When SQL queries result in hundreds and then thousands of records being pulled into an application, memory starts to become a real problem, and that hits performance.
It's pretty rare that a user will want to view 40,000 records in one go, so most applications will present the data to a user across a number of pages. So why pull all that data into the application only to show the user a fraction of the records (probably never more than 100 records at any one time)?
Typically, when working with embeded SQL, the application will handle a lot more data than necessary.
Really, we only ever want to call the records that we’re going to display on a particular page.
"Select * from Orders" isn't going to cut it.
Developers working on MySQL have a very easy solution. Limit. We can easily get the specific number of records that we want to display on a page.
This will give us the first 10 records (our first page):
"Select * FROM Orders Limit 10"
This will give us the next 10 (page 2):
"Select * FROM Orders Limit 10, 10"
However developers working with SQL Server don’t have access to this very handy "Limit" option (that MySQL has been allowing developers to use for as long as I can remember), but there is a simple alternative.

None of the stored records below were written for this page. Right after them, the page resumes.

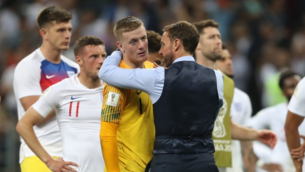 Did shouting for England make us any more mature?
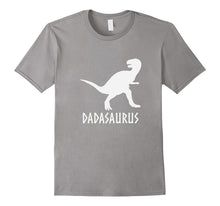 Dadasaurus Rex T Shirt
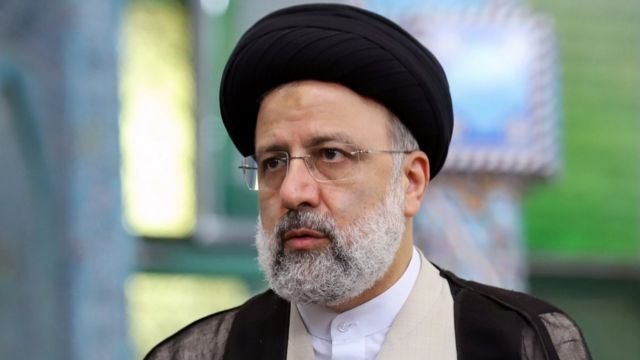 Israel asegura que su ejército mató al jefe de seguridad iraní, Ali Larijani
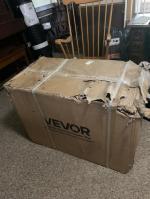 Arrived damaged, no response from company 1
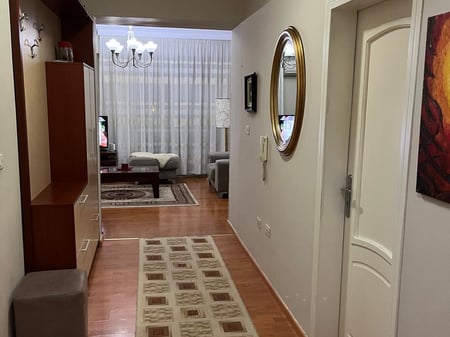APARTMENT FOR RENT IN BLOK 2+1
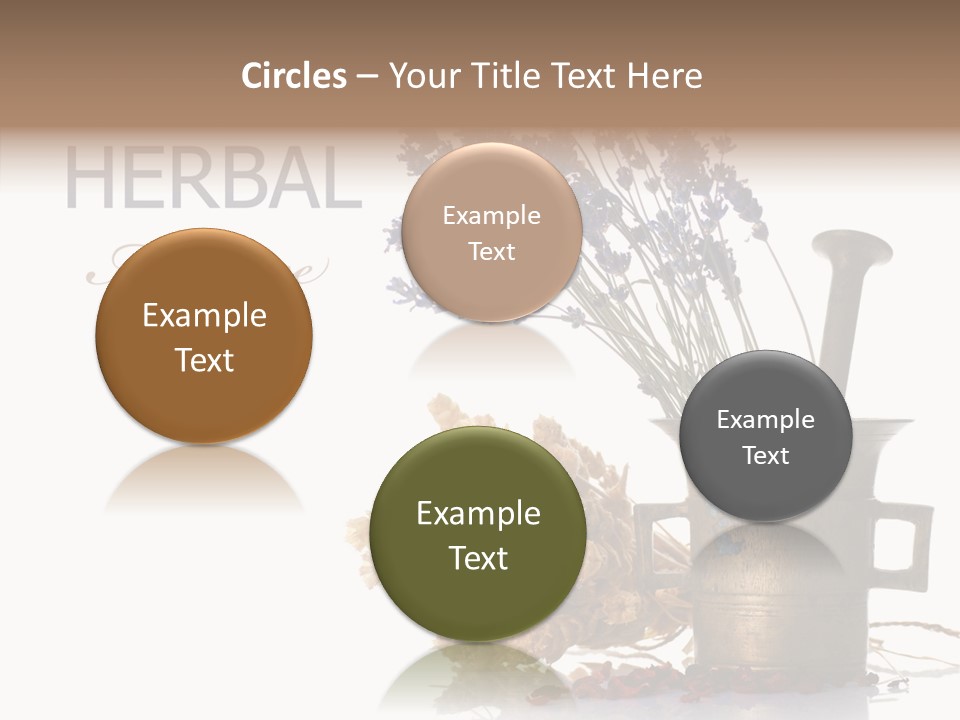 Business PowerPoint Template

Some of the more up to date Microsoft options (such as Linq-to-SQL), or indeed utilising Stored Procedures, make this a lot easier, but we need to support those applications that didn’t benefit from such “modern advancements”.

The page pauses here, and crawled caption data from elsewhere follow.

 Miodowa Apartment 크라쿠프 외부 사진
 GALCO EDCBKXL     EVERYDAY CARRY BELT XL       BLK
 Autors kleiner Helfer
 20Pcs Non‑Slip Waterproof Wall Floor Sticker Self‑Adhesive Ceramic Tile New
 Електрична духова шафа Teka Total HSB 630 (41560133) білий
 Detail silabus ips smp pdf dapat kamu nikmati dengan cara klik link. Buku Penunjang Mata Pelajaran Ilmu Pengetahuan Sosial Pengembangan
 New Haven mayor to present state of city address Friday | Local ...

And, although it’s not as simple as "Limit", it’s only a few lines of code, and is well worthwhile.
The solution is to run the query by proxy. We can create our normal query, but we won’t run this query ourselves. We’ll ask another query to run it for us, eliminate all of the records that we're not interested in and pass us the ones that we are interested in.
So, starting with our standard query, we need to make one small tweak. We want to know the index of each row that we’ve retrieved. We can do this by adding an additional column RowNumber as follows:
SELECT *, ROW_NUMBER() OVER (ORDER BY OrderDate) AS 'RowNumber' FROM Orders
Note that we need to supply an order by here. This is important, but you can simply use the identity (e.g. OrderID) if needed).

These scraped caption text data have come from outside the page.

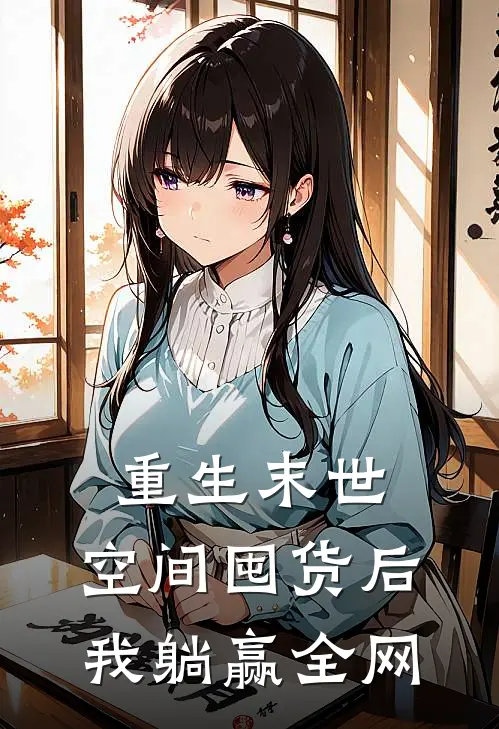 重生末世，空间囤货后我躺赢全网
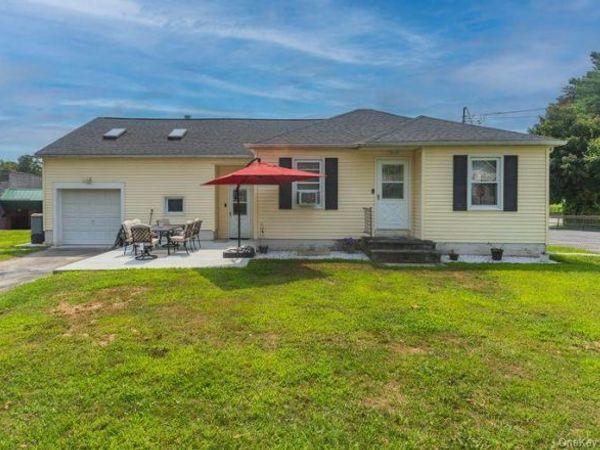 50 Holland Avenue , Pine Bush, NY 12566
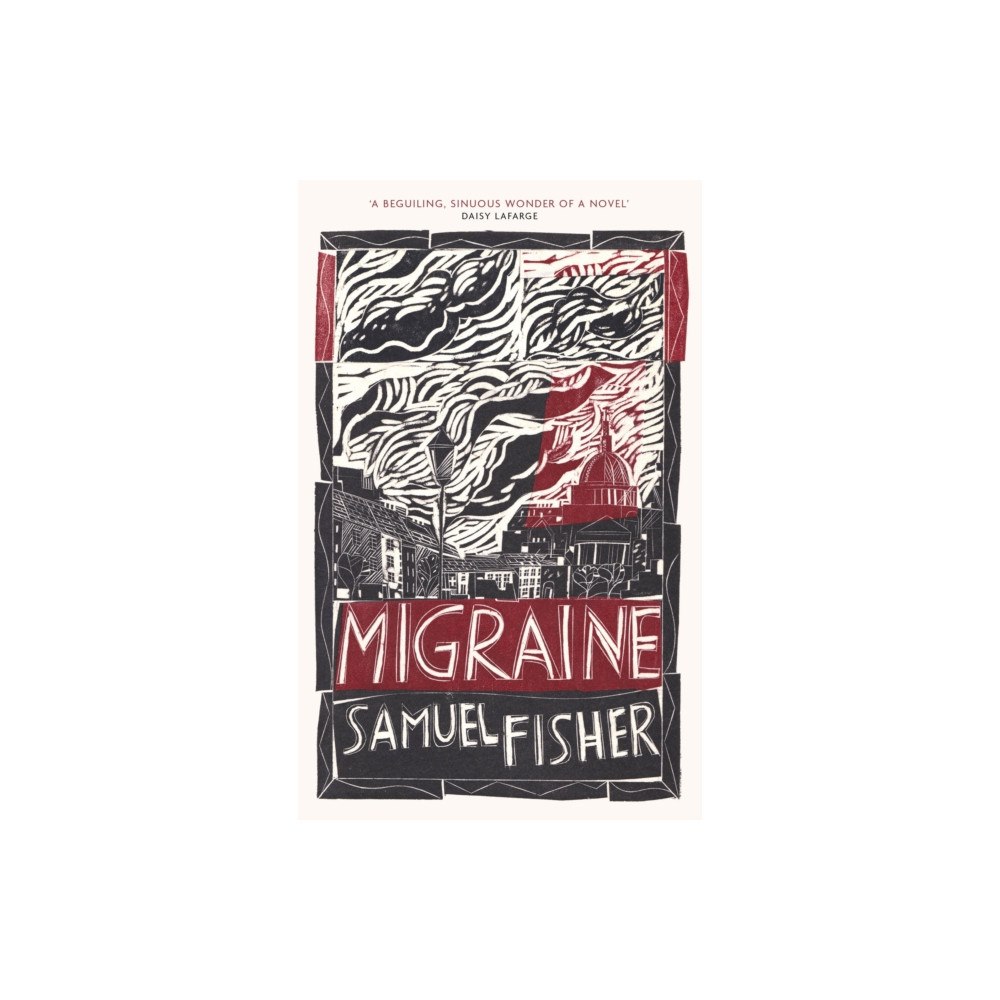 Little, Brown Book Group Migraine (häftad, eng)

If we run this query, we'll receive the full set of results, with the addition of our new RowNumber column.
Any required filtering should be added to this initial query (such as "Where CustomerID=10"). We want to get a full set of results here.
This is where we start to notice the real change. Below we have a piece of SQL that can be heavily reused.
The following SQL Query will run our requested search through the data and return a subset of the data. Our paged data.
WITH TheTable AS
(SELECT *, ROW_NUMBER() OVER (ORDER BY OrderDate) AS 'RowNumber' FROM Orders)
SELECT * FROM TheTable
WHERE RowNumber BETWEEN 11 AND 20
ORDER BY RowNumber
You'll notice our initial query embedded within this larger query. This, along with the numbers (11 & 20) control that data that we get back. The rest is totally generic and will save your application a great deal of memory.